Lecturer in Social Anthropology, University College London
Director of Cultures of Sustainability, UCL Environment Institute
Co-director of the Extreme Citizen Science Research Group, UCL
See Jerome’s webpages:
My research background includes (1) hunter-gatherer and former hunter-gatherer societies, (2) egalitarian politics, (3) play, ritual, and religion, (4) language and communication, (5) indigenous rights, mapping, and representation, and (6) extreme citizen science and new participatory research methodologies.
I began working with Pygmy hunter-gatherers and former hunter-gatherers in Rwanda in 1993, leading to investigation of the impacts of the genocide for Rwanda’s Twa Pygmies.

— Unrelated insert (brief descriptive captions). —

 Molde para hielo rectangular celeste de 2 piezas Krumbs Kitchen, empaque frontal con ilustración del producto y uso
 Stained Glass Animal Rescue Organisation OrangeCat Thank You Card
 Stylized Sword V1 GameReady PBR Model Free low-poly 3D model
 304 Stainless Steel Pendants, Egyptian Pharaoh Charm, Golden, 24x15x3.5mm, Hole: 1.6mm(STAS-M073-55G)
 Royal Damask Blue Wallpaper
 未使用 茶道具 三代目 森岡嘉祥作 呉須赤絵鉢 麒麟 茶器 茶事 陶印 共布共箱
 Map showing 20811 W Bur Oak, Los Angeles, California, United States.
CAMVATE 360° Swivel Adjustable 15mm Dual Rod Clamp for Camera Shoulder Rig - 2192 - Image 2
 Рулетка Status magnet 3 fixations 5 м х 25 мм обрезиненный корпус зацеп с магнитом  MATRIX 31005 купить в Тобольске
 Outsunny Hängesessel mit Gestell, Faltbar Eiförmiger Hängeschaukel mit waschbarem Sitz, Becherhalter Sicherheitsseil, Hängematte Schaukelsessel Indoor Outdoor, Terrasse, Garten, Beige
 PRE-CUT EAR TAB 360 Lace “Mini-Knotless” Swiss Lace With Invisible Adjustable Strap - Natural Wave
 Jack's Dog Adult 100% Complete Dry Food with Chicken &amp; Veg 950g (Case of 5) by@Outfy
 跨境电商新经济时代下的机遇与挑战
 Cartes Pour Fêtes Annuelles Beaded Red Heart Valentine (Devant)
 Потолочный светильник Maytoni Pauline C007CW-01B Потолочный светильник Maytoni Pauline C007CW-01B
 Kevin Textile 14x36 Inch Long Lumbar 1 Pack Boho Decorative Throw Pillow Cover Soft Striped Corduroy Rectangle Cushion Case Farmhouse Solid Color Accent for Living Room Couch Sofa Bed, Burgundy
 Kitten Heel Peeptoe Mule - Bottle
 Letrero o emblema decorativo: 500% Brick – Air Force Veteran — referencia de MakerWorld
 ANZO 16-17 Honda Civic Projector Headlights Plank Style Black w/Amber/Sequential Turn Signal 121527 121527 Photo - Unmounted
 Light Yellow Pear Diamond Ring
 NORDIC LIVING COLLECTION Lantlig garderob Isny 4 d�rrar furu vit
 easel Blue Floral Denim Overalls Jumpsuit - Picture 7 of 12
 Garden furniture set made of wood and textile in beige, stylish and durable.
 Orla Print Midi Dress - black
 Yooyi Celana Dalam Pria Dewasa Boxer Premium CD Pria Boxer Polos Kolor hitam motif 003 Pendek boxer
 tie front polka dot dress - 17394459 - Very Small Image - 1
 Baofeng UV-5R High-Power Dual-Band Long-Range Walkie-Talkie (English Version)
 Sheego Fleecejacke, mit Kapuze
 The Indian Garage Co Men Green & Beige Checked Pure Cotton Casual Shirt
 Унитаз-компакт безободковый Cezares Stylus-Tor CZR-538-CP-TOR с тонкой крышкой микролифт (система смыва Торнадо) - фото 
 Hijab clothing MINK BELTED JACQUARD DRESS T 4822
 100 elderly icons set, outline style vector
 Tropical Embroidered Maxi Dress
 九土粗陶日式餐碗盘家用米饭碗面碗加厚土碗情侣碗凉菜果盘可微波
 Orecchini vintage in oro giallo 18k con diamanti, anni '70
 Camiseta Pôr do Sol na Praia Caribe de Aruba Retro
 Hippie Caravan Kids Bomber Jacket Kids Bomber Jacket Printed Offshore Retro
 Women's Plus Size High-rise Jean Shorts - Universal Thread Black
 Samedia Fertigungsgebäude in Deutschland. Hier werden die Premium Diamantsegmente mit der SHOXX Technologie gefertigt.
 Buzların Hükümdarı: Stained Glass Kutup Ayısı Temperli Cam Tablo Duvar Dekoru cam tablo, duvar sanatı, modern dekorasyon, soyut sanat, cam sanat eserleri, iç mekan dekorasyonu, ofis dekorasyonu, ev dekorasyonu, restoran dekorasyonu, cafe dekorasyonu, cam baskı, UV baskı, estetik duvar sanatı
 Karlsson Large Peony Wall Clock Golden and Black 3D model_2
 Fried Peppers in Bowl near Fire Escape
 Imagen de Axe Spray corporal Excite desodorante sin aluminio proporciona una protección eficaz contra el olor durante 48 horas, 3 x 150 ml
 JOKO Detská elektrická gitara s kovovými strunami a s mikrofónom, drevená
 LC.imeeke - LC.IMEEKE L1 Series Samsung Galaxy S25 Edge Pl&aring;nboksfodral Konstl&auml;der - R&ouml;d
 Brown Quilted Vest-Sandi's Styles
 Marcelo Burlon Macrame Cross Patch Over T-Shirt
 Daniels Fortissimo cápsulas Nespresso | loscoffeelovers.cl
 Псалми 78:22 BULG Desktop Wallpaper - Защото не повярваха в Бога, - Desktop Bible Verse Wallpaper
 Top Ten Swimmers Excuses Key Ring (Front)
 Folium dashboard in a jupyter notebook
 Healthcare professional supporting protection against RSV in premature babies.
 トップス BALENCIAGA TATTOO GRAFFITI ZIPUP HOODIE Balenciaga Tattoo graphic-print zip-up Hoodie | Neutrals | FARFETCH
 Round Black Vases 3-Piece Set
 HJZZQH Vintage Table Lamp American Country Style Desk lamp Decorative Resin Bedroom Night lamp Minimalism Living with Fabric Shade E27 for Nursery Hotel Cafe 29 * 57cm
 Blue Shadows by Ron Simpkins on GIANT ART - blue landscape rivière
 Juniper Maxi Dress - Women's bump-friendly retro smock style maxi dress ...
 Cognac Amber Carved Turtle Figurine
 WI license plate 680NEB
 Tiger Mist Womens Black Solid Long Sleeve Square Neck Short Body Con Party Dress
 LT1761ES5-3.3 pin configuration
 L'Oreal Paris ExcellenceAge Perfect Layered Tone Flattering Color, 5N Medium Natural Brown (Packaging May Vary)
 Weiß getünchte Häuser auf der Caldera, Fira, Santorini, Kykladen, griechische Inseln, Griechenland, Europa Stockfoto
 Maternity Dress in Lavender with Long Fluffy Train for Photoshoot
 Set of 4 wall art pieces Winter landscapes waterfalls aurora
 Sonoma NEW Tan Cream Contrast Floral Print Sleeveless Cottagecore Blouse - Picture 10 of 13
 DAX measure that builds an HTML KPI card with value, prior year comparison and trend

Since 1994 my work has focused on the culture and society of Central African hunter-gatherers, particularly environmental relations, cultural transmission, inter-ethnic relations, and the impact of global forces (such as conservation, logging, mining, and national or international policy changes) on many hunter-gatherer and former hunter-gatherer groups across the Congo Basin. This has led to research into human rights abuses, discrimination, and economic and legal marginalisation, as well as applied studies reinforcing conservation efforts by forest people, investigating how to apply the principle of free, prior, and informed consent in Central Africa, and supporting forest people to better represent themselves to outsiders. This work has included adapting new technologies for use by non-literate hunter-gatherers, evolving into a major project developing methods to support any community to explore issues of concern through scientifically valid research. Project themes to date have focused on environmental justice issues but will expand to health issues and climate monitoring.